Славута покачал головой:
— Не верится, чтобы Ярослав замыслил что-то лихое против тебя, княже. Разве что на будущее примеряется. На всякий случай… Да и кто из князей, да ещё черниговских не грезил и не грезит стать великим князем?
— В том то и беда, что каждый хочет стать великим князем, а слушаться его некому! Всяк на свой салтык[88] норовит сделать! Русь развалилась, распалась, и поганые обдирают её со всех сторон!
— воскликнул с горечью в голосе Святослав.
— Твоя правде, княже, — скорбно произнёс Славута. — У Руси ныне две беды: княжеские свары и половецкие набеги… И какая из них страшнее — трудно сказать… По-моему, первая… Если бы князья слушались только великого князя, если бы все заодно стояли, то и половцы не были бы страшны! Мы их всем миром выгнали б из наших степей, как это сделал когда-то Владимир Мономах, который загнал Атрака — отца Кончака аж за Обезские горы… А сейчас выгнать их не можем, потому как силы Руси распылены, разъединены. Даже сердце Руси — Киев и Киевская земля — не принадлежат одному князю: Киев — тебе, а земля — Рюрику. А между вами, хотя вы и мирно живете, не всегда единое мнение. Что же говорить про других князей?… Вот и выходит, что главное зло наше — княжеские раздоры, княжеские межусобицы!.. Утихомирь князей, Святослав! Обрати к себе сердца покорных ласкою, а на непокорных накинь узду, чтобы послушны стали! И тогда, собрав силы в единый кулак, ударь на поганых, чтоб навсегда отбить охоту ходить на Русь!

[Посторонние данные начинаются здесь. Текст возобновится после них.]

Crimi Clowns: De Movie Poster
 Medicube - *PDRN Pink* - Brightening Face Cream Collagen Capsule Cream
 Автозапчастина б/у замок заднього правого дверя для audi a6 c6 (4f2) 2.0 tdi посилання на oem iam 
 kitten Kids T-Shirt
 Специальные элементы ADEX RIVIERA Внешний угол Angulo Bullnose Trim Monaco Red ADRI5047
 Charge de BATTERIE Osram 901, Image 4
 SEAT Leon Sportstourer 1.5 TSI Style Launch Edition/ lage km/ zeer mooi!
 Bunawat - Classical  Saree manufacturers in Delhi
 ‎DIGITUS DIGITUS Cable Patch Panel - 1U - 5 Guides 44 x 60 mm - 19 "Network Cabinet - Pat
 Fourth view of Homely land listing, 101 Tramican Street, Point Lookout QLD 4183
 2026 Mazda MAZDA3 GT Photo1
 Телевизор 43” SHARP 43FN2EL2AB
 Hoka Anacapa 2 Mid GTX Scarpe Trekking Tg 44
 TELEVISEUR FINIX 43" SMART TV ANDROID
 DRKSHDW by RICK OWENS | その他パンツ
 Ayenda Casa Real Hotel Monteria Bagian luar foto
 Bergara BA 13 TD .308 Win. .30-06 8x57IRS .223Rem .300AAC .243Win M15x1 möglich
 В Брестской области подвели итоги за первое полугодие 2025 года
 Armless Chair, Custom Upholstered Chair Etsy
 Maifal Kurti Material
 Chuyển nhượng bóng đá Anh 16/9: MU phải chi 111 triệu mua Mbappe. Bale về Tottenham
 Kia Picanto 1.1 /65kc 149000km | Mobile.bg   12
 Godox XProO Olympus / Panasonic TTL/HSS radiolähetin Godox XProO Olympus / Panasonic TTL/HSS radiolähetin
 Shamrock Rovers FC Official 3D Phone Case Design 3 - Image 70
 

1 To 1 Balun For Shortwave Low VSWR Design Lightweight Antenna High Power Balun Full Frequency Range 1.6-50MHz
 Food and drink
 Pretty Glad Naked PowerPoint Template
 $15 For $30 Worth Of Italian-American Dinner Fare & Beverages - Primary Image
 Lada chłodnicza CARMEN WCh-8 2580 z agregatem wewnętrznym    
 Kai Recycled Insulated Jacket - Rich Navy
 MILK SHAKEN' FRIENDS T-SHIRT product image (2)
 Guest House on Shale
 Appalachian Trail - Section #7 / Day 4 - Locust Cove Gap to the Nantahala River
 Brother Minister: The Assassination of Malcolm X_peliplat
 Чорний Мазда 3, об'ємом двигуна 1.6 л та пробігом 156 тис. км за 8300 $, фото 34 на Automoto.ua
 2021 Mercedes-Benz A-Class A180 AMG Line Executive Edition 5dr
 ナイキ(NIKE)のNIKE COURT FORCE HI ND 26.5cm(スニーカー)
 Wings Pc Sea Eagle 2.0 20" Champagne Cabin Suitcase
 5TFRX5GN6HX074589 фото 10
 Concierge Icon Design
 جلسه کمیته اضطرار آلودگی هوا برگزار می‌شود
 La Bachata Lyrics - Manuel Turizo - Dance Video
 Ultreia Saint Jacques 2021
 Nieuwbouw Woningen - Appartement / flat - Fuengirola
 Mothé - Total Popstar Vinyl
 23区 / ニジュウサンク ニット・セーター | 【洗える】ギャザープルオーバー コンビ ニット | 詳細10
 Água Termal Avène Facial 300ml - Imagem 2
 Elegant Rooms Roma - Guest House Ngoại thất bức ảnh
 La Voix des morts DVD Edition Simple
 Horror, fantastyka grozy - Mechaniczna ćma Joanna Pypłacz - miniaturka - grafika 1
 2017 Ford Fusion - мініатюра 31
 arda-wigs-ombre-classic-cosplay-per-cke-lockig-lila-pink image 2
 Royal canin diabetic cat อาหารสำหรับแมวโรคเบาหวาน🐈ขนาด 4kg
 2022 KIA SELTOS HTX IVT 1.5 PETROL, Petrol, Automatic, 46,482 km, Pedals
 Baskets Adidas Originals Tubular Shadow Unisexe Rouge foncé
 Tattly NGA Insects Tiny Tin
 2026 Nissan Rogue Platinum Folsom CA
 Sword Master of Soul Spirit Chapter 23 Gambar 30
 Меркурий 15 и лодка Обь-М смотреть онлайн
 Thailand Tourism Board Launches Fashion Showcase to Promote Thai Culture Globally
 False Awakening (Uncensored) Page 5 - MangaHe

— Но отогнать их от наших рубежей нужно сейчас, сегодня! — воскликнул Святослав. — Ибо пока мы объединимся, они весь люд наш со свету изведут — некого объединять будет.
— Для этого мы и едем ныне и к Ярославу, и к Игорю, и к Всеволоду, чтобы остановить вражеское нашествие… Но главной целью твоей жизни, Святослав, было и будет всегда объединение Руси! Разве не об этом мечтал ты, когда в Новгороде-Северском княжил и когда сидел в нашем благословенном Чернигове?…
— Мы вместе мечтали об этом, друже, — Святослав положил руку на колено Славуты. — Вместе! Вот уже и чубы наши покрылись густой изморозью, а мы всё ещё продолжаем лишь мечтать об этом… Потому что нам это не под силу. Не получается. Не объединить ведь то, что не объединяется!.. Попробуй, к примеру, привлечь на сторону Киева гордого Ярослава Осмомысла — не согласится! Подпёр горы Угорские своими могучими полками и сидит себе, в ус не дует в своём Галиче, на высокой горе, воюет с непокорным боярством, которое тоже стало таким же злом, как и княжеские распри, и не думает о том, что Киев едва держится под натиском кочевников… А Всеволод Владимиро-Суздальский! Сильнейший князь! Шеломами своих полков мог бы Волгу вычерпать и Дон расплескать! Так нет! Сидит за лесами, за голубыми реками, и не страшны ему половцы, потому как далеко сидит… А про всю Русь и думать не желает!.. Даже брат, родной брат Ярослав мне не помогает, а тайно ставит палки в колеса! Так что же говорить о других князьях!
Голос Святослава дрогнул.
Славута обнял его за плечи.
— Тяжело тебе, княже-друже! Тяжко! И всё же нужно выстоять! Половцы — сила грозная, но всё же не такая, что сломит нас на корню! Мы сумеем ей противостоять… Страшно иное: те народы неведомые, племена дикие — гоги и магоги[89], которые появятся из земель восточных, незнаемых, чтобы покарать нас за грехи наши! Вот перед ними Русь не устоит, если останется разъединённая, как ныне!.. Вот чего нужно бояться нам, княже! От этого день и ночь изнывает в тоске моё сердце!
За бортом тихо плещутся синие воды Десны и звонкая тишина стоит над весенней землёй. И так же тихо течёт беседа двух седоголовых мужей, которых судьба соединила в детстве и провела через долгую жизнь по тропинке верной дружбы.